Chris Matthews via Atrios:

MATTHEWS: My big concern is, the longer you keep them, the angrier they get. Eventually, you are going to send them home. Maybe the smarter thing is to execute everyone down there, because if you‘re going to send them back to the Arab world or the Islamic world angry as hell at us, they‘re going to be doing dirty stuff against us, right?


Now this is truly in the spirit of Alcidas the Spartan, and the same criticism comes to mind: maybe you won't be known as a liberator if this is how you treat prisoners?

On the same program, Deborah Orin:

ORIN: I go back to the fact that we need to remember we‘re at war.


And it makes it—you know, for some of the people who are on the left on this issue, it gets very easy to say, oh, we need to treat them with proper respect and so on. This is a very complicated question, because, on the one hand, you don‘t want to behave as badly as they do. On the other hand, you know, I think the reaction in much of the al Qaeda world to this story will be, what a bunch of wusses. Boy, if that is all they do to you, we don‘t even have to be afraid of being captured.

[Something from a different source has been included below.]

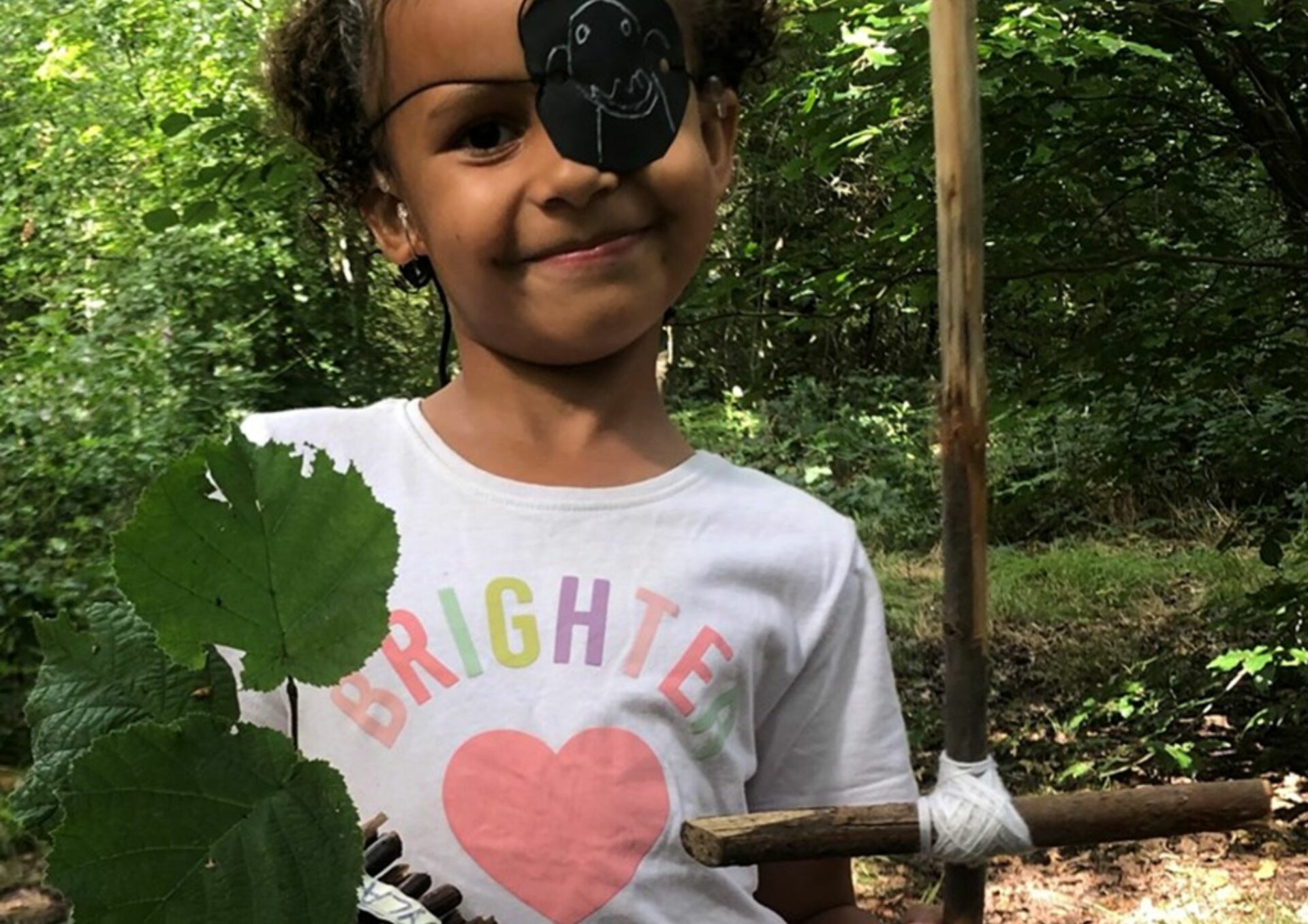 Growtheatre Family Adventures – Pirates!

In order to win a war, the U.S. needs to persuade individuals on the enemy side that they should be afraid of being captured by U.S. military personnel? Afraid of being tortured?

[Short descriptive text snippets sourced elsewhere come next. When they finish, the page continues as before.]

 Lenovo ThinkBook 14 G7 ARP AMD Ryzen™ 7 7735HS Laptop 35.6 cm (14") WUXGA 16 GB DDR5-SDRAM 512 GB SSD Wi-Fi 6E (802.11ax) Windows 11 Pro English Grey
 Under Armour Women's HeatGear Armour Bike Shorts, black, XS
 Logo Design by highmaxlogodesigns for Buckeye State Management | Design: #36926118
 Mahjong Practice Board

The obvious point that is made by Bush critics is that we--the anti-Axis allies, led in the West by the U.S.--defeated the Axis powers without torturing helpless individuals.

The equally obvious point that could be made is that we showed great willingness to be absolutely ruthless in order to win that war--in particular, by saturation bombing of hundreds of thousands of civilians. There were terrible regimes that enjoyed considerable popular support, and we wanted to show that we were strong, and the totalitarian regimes were weak. Do you show that by torturing captives?

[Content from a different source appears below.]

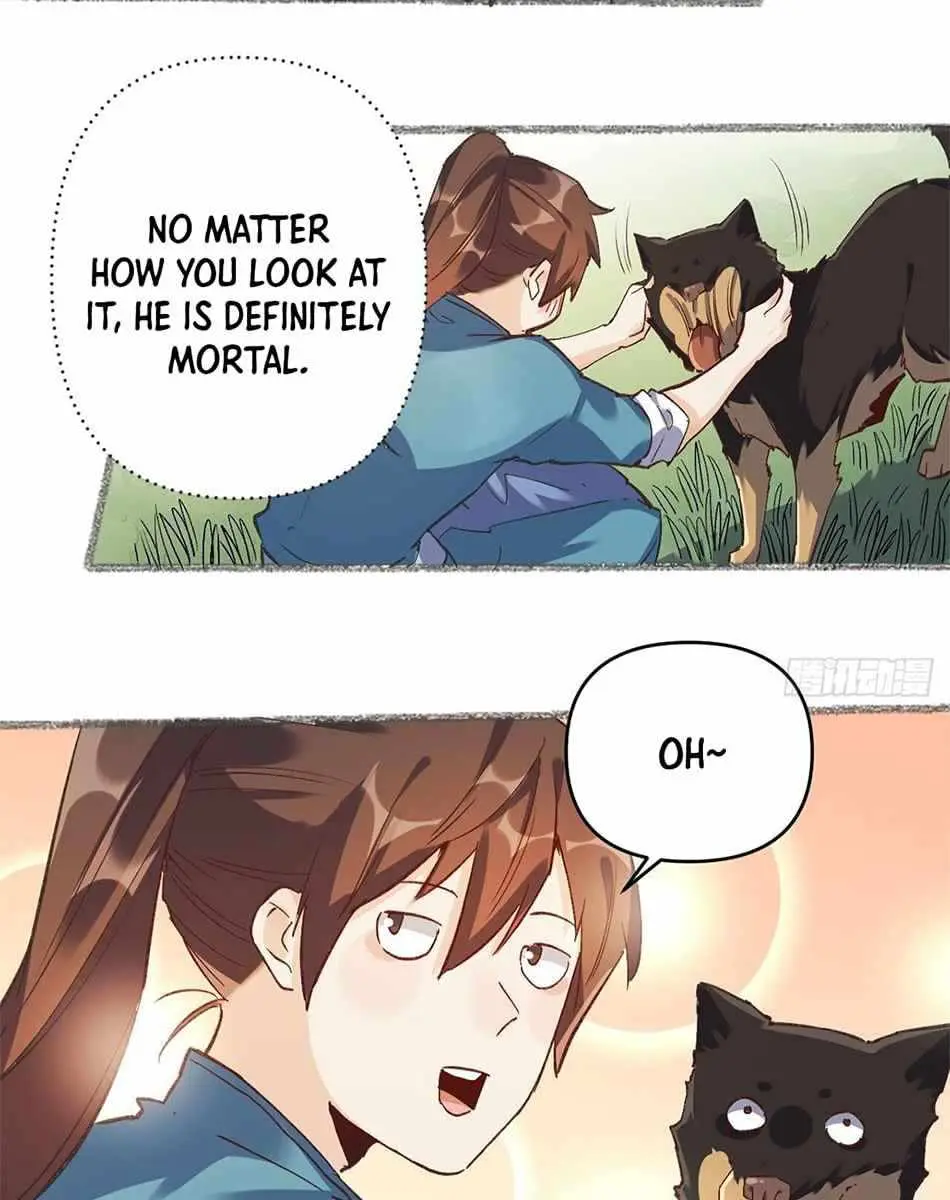 I'm Actually a Cultivation Bigshot Chapter 3 Page 10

I guess the general rule should apply: Senator Durbin was wrong to make an analogy to the Nazis (see Kaus and Jon Stewart). But his analogy was not as far off as most such analogies are.

UPDATE:

Kevin Drum asks: the description of actual torture at Guantanamo, carried out by Americans in uniform (and perhaps by the CIA), reminds us of regimes other than the liberal democracy in the U.S. Bush defenders don't want to say there's an analogy to Nazi Germany, or the Soviet Union, or Pol Pot. OK, then: what regime does it remind us of?

Jonah Goldberg has started working on this: "A more apt, but still poor analogy, would be to Turkey a couple decades ago or perhaps France during the Algerian campaign." Now we're getting somewhere. Do I hear Pinochet? Franco? The Argentinian colonels, who apparently made Margaret Thatcher say "It's 1939 all over again"? Someone on the Corner thinks it's hypocritical of the left to praise Castro, while criticizing "the rest" of Cuba, namely Guantanamo. OK: Do I hear Castro?